You are not logged in.

#1 2019-08-07 14:05:40

kindaro
Member
Registered: 2017-01-16
Posts: 19

Transient DRM or modesetting issue with Ryzen 7 Pro.

So I have this new laptop. It sometimes boots well, but more often, some time after `systemd`
starts, but before switching to high resolution, the screen will turn dark (though
backlit)
. After several attempts, it would boot well again. It may take upwards of three
attemts.

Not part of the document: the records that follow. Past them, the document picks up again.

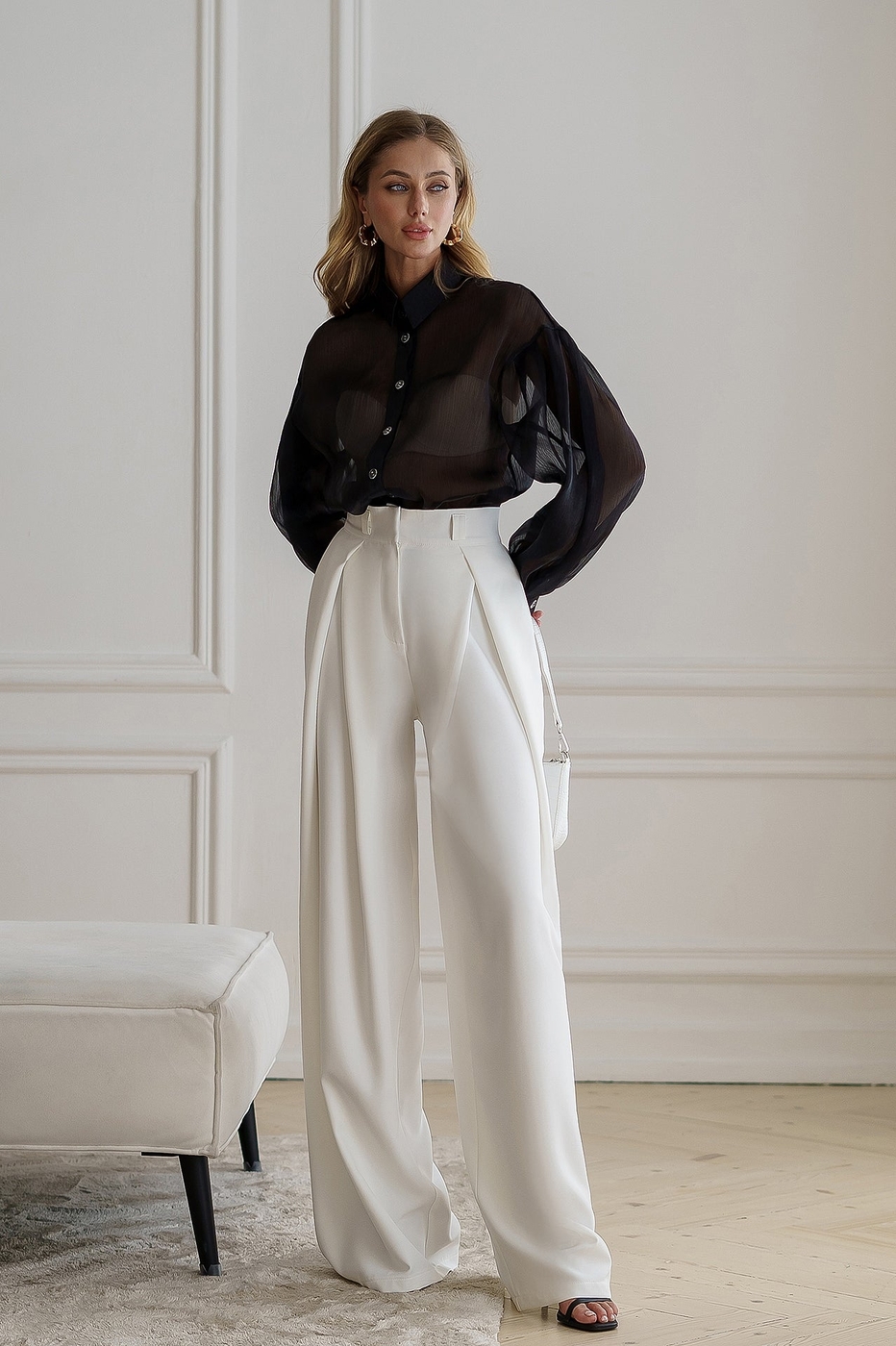 White High Waist Fitted Palazzo Pants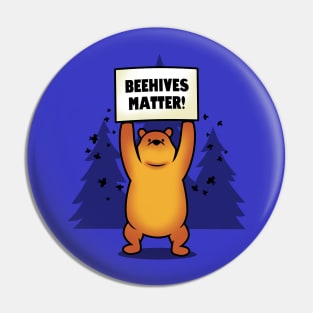 Funny Honey Eating Cute Bear Cartoon BLM Protest Parody Pin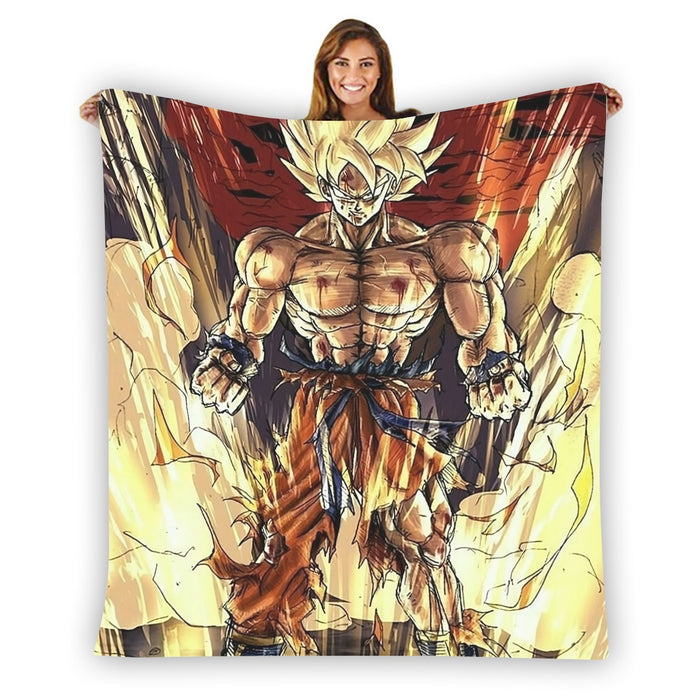 Powerful Goku Super Saiyan 2 Transformation SSJ2 Blanket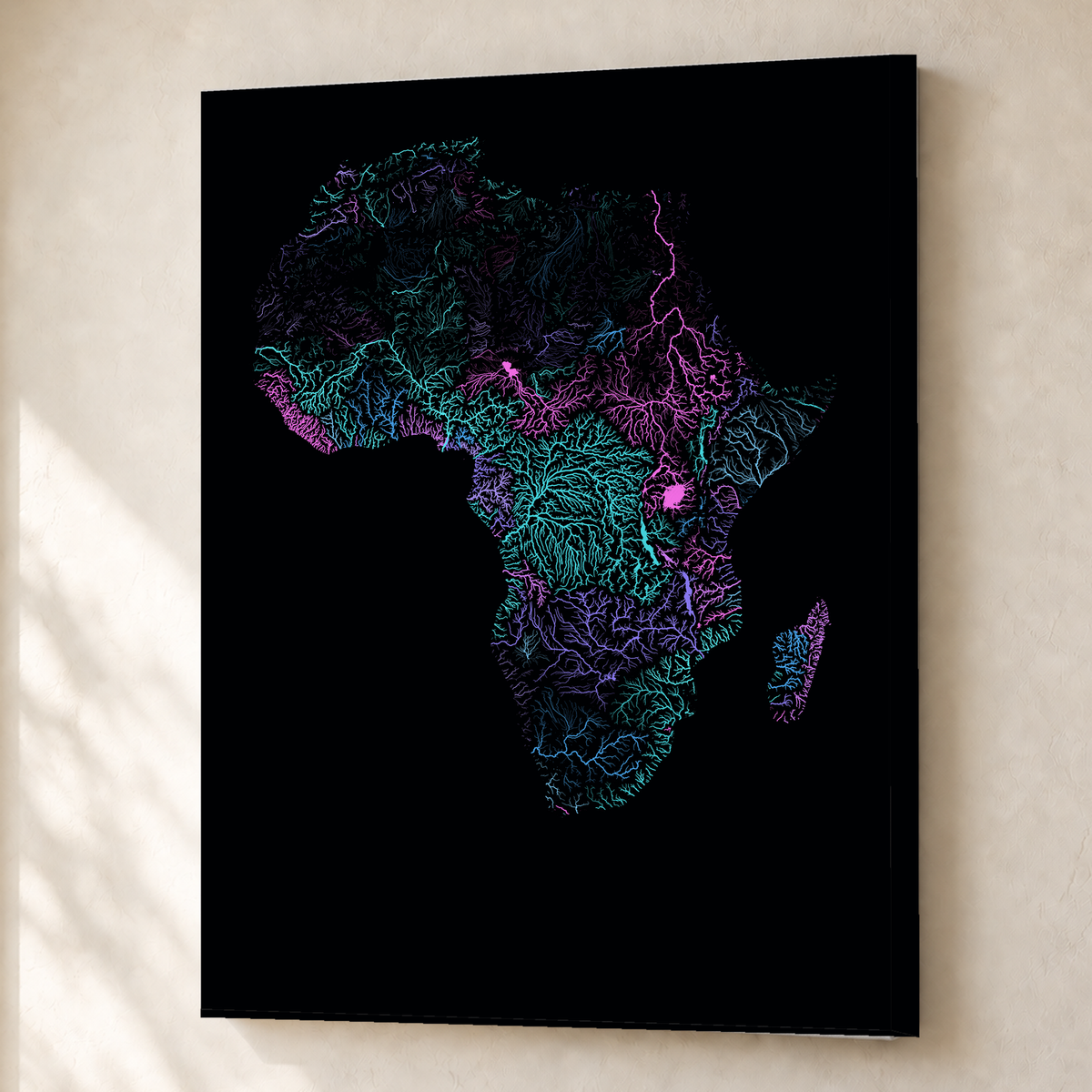 Beautiful Rivers — África — Neon hidrográfico, Canvas · 45 × 60 cm, Sem margem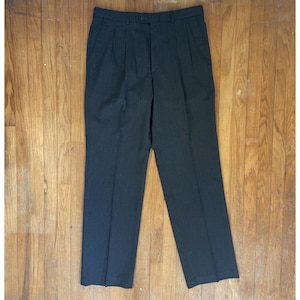 Vintage Mens Pleated Wool Dress Pants Size 34x35 1970s Gray Trousers | 34 Waist x 35 Inseam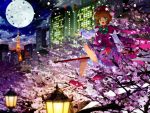  1girl 90s brown_hair card_captor_sakura cherry_blossoms child full_moon fuuin_no_tsue green_eyes kinomoto_sakura kodansha magical_girl moon mutsuki_(moonknives) object_namesake solo tokyo_tower wallpaper 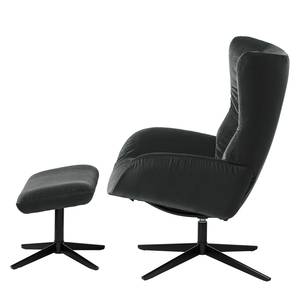 Relaxfauteuil Salla fluweel - incl. hocker - Velours Lore: Grijs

I have not yet discovered any external factor that would decide whether it boots well or not.

What I did is cross-check the journal. You see, two boots of the same configuration should have mostly identical journal,
but that appears not to be the case here.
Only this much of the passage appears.